Buffer Creation and Usage¶
In vkdispatch, nearly all data is stored inside “buffers” (each wrapping an individual VkBuffer object and all other objects needed to manage it). These are the equivalent of torch.Tensor or wp.array() in warp-lang.
However, unlike torch.Tensor or wp.array(), vkdispatch buffers are by default multi-device. This means that when a vkdispatch buffer is allocated on a multi-device or multi-queue context, multiple VkBuffers are allocated (one for each queue on each device). This architecture has the benefit of greatly simplfying multi-GPU programs, since all buffers can be assumed to exist on all devices and all queues.
To allocate a buffer, you can either directly use the constructor of the Buffer class or the vd.asbuffer function to directly upload a numpy array to the gpu as a buffer.
Simple GPU Buffer Example¶
import vkdispatch as vd
import numpy as np
# Create a simple numpy array
cpu_data = np.arange(16, dtype=np.int32)
print(f"Original CPU data: {cpu_data}")
# Create a GPU buffer
gpu_buffer = vd.asbuffer(cpu_data)
# Read data back from GPU to CPU to verify
downloaded_data = gpu_buffer.read(0)
print(f"Data downloaded from GPU: {downloaded_data.flatten()}")
# Expected Output:
# Original CPU data: [ 0 1 2 3 4 5 6 7 8 9 10 11 12 13 14 15]
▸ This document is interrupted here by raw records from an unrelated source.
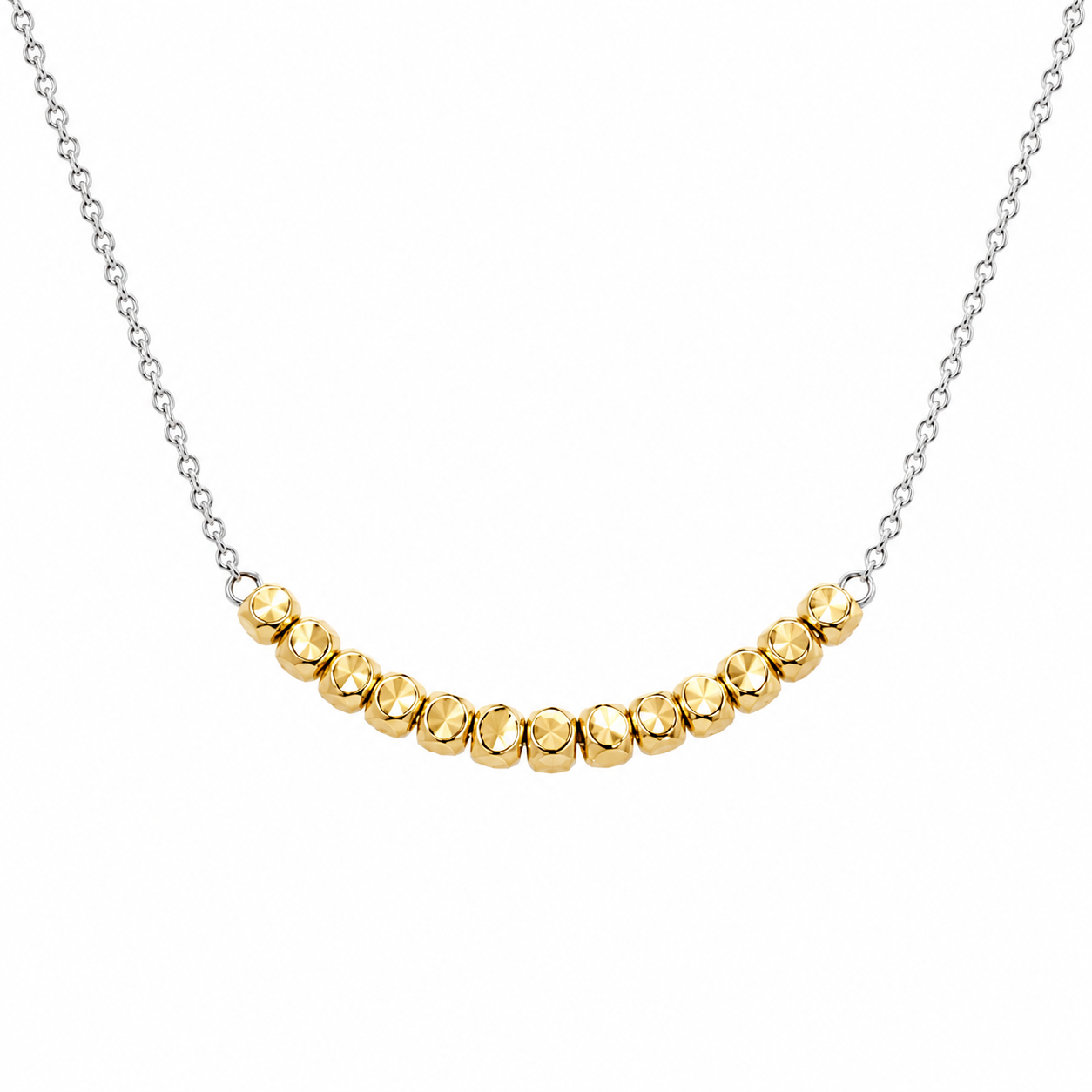 Two-Tone Plated 925 Silver Dainty Beaded Nugget Necklace- DIN00082RH-GP
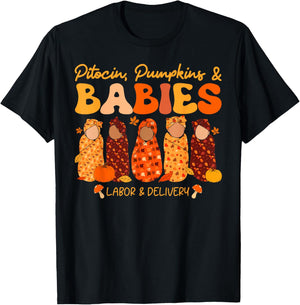 Labor Delivery L&D Nurse Fall Halloween Thanksgiving T-Shirt - T-Shirt | Black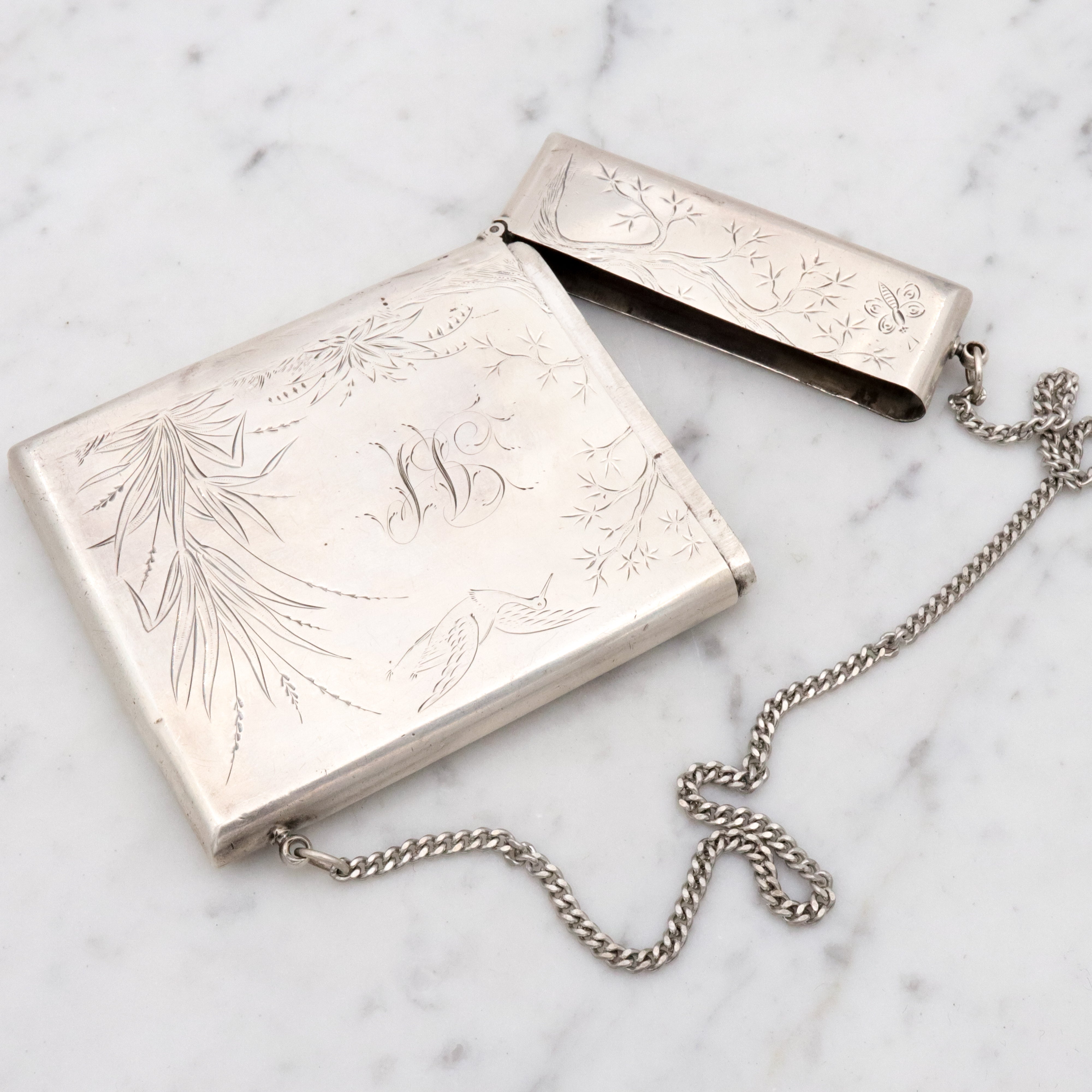 Antique Victorian Gorham sterling Aesthetic Movement engraved card case purse with chain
# Data downloaded from GPU: [ 0 1 2 3 4 5 6 7 8 9 10 11 12 13 14 15]
What’s happening here?
We import vkdispatch and numpy (a common dependency for numerical data).
We use the
vd.asbufferfunction to upload the numpy array to a vkdispatch buffer.read(0)retrieves data back from the GPU to the CPU. The number provided as an argument to the function is the queue index to read from. For a simple context with one device and one queue, there is only 1 queue, so we read from index 0. If the index is ommited the function returns a python list of the contents of all buffers on all queues and devices.
Buffer API Reference¶
- class vkdispatch.Buffer(shape: Tuple[int, ...], var_type: dtype, external_buffer: ExternalBufferInfo = None)¶
Represents a contiguous block of memory on the GPU (or shared across multiple devices).
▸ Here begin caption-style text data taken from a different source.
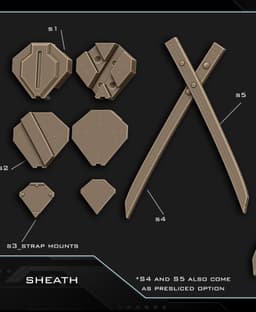 Deadpool Katanas and sheath 3d model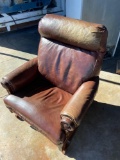 Victorian Walnut Platform Leather Chair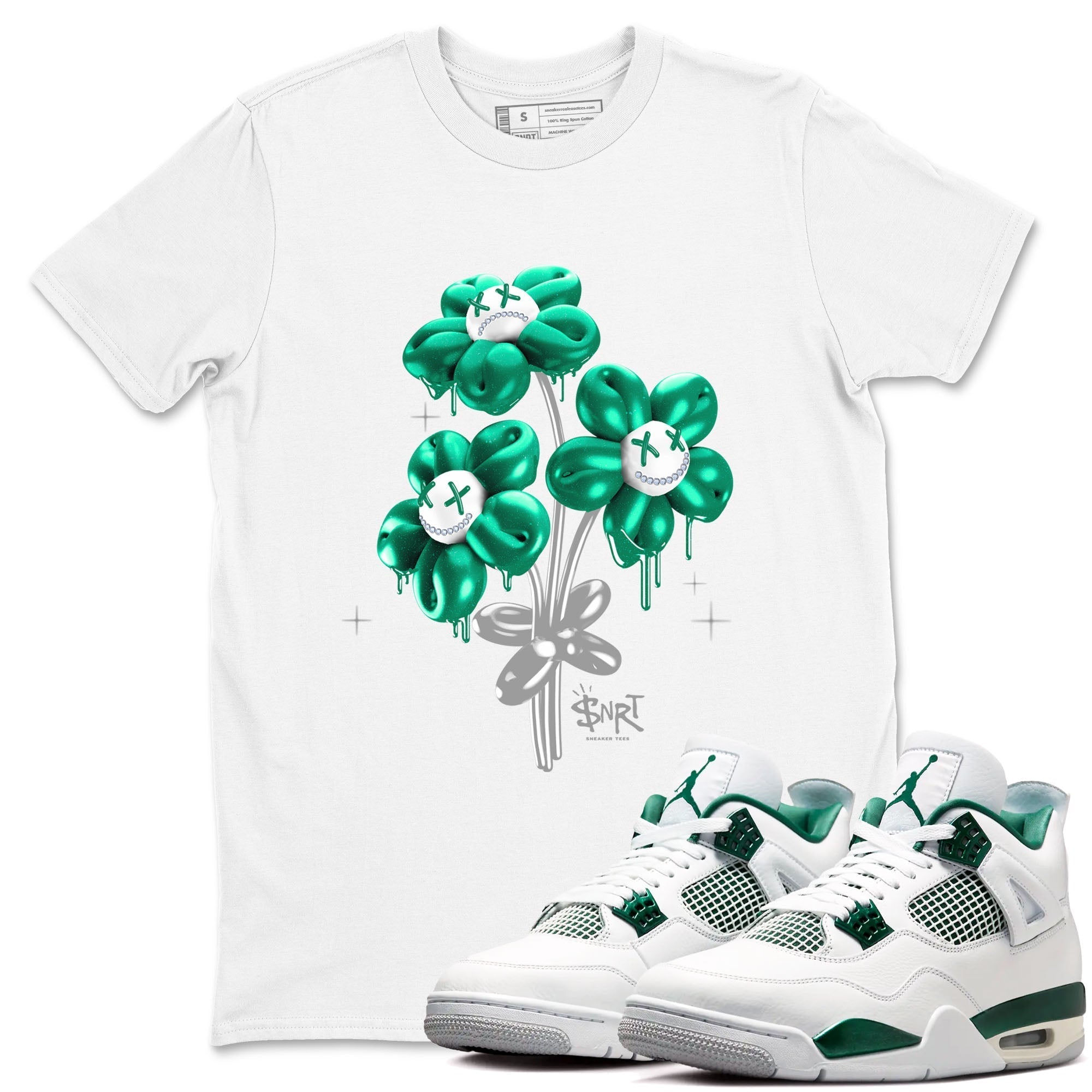Balloon Bouquet snkmatch Tees - Air Jordan 4 Oxidized Green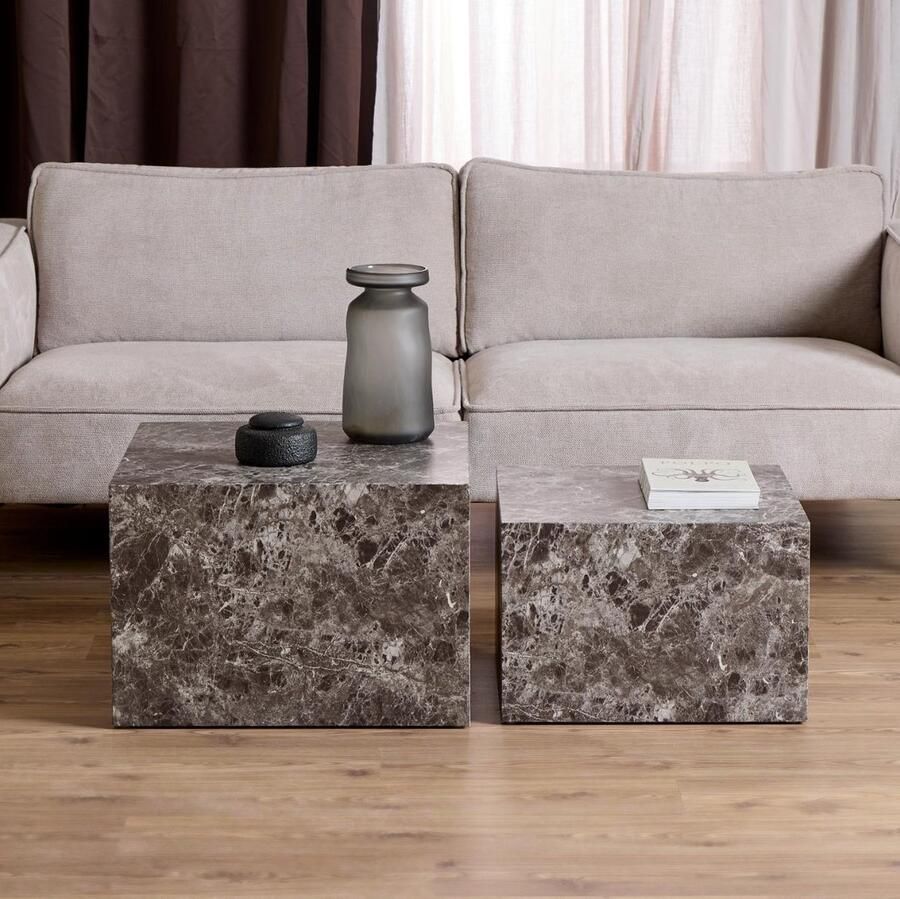 Sohome Salontafel Dinorah Marmerlook Set van 2 stuks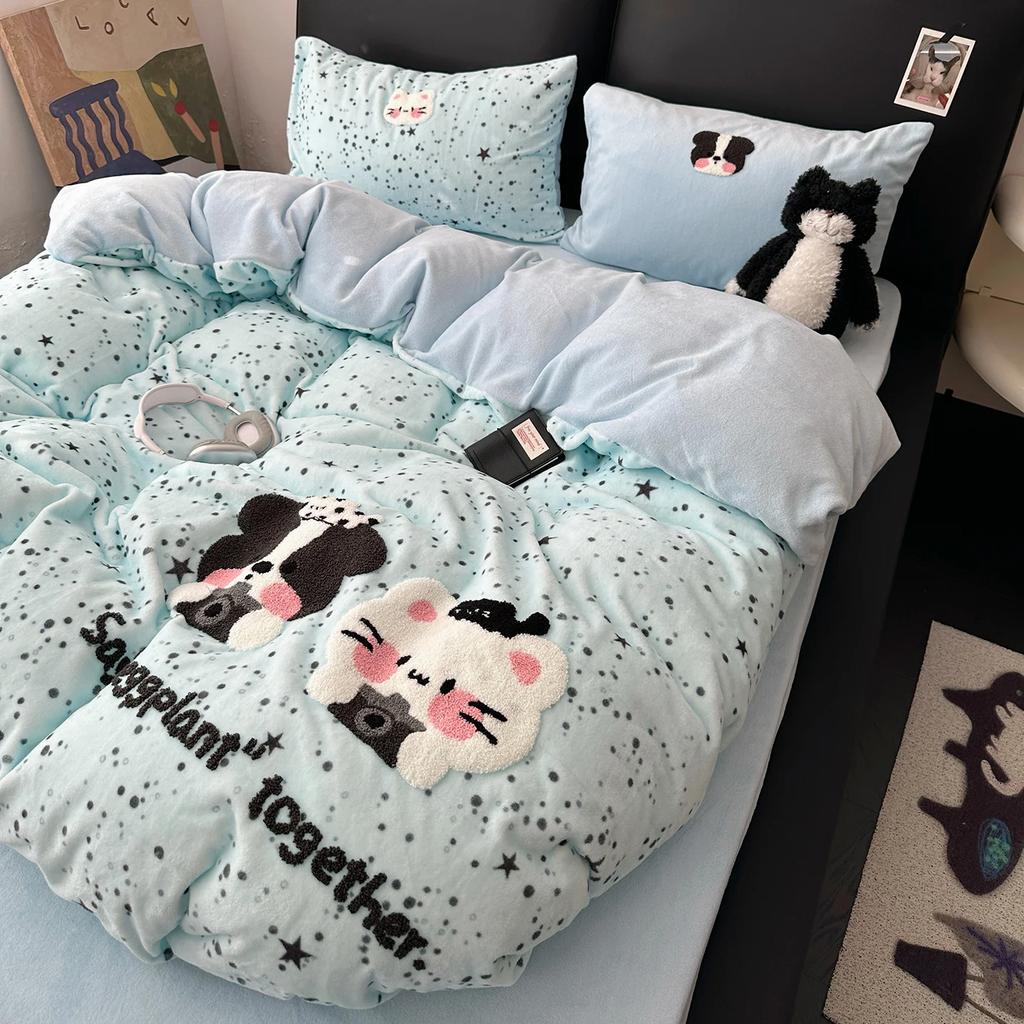 Cute Cat Embroidered Autumn Winter Warm Bedding Set Milk Velvet Thicken Warmth Duvet Cover Set with Sheet Quilt Cover Pillowcase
Buffers are the primary mechanism for transferring data between the host (CPU) and the device (GPU). They are typed using
vkdispatch.dtypeand support multi-dimensional shapes, similar to NumPy arrays.- Parameters:
shape (Tuple[int, ...]) – The dimensions of the buffer. Must be a tuple of 1, 2, or 3 integers.
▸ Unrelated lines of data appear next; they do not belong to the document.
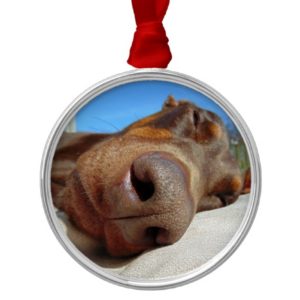 Dog nose metal ornament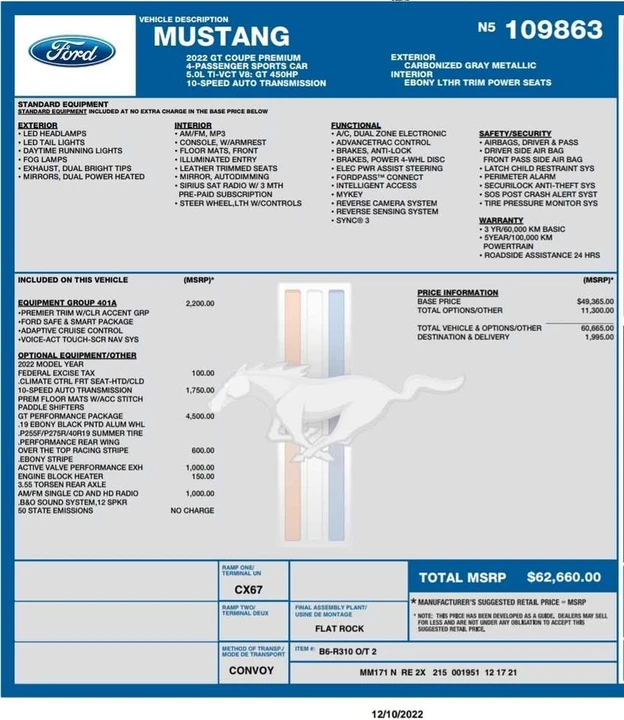 2022 Ford S550 Mustang - Image 6 of 6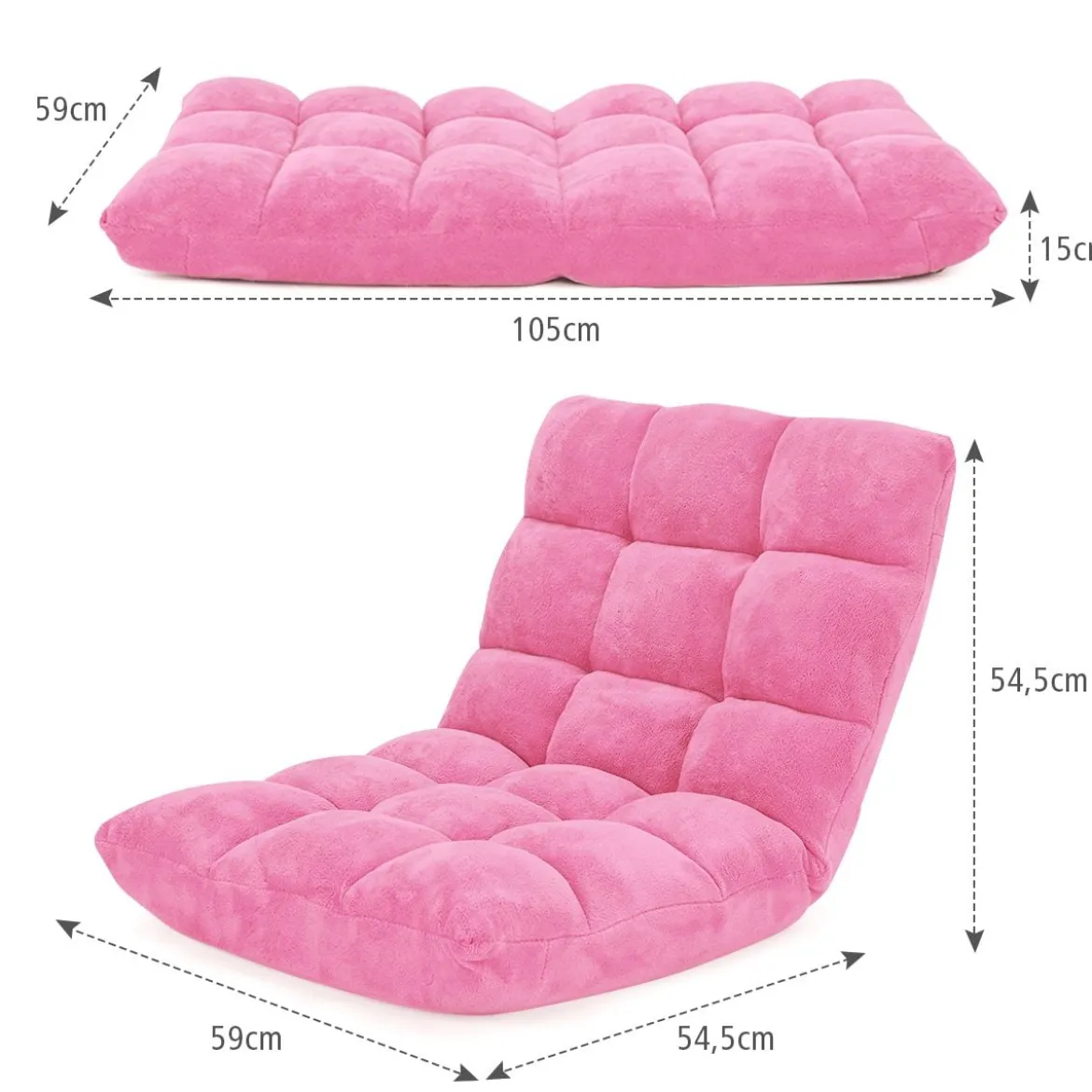 Bodenstuhl Faltbares Lazy Sofa Faul Tatami Bodenkissen Schwarz Grau Kaffeebraun Rosa Blau Lila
var_type (vkdispatch.base.dtype.dtype) – The data type of the elements stored in the buffer.
- Raises:
ValueError – If the shape has more than 3 dimensions or if the requested size exceeds 2^30 elements.
- _destroy() None¶
Destroy the buffer and all child handles.
- read(index: int | None = None)¶
Downloads data from the GPU buffer to the host.
- Parameters:
index (Union[int, None]) – The device index to read from. If
None, reads from all devices and returns a stacked array with an extra dimension for the device index.- Returns:
A host array representation containing the buffer data.
- Raises:
ValueError – If the specified index is invalid.
- write(data: bytes | bytearray | memoryview | Any, index: int = None) None¶
Uploads data from the host to the GPU buffer.
If
indexis None, the data is broadcast to the memory of all active devices in the context. Otherwise, it writes only to the device specified by the index.- Parameters:
data (Union[bytes, bytearray, memoryview, Any]) – The source data. Can be a bytes-like object or an array-like object.
index (int) – The device index to write to. Defaults to -1 (all devices).
- Raises:
ValueError – If the data size exceeds the buffer size or if the index is invalid.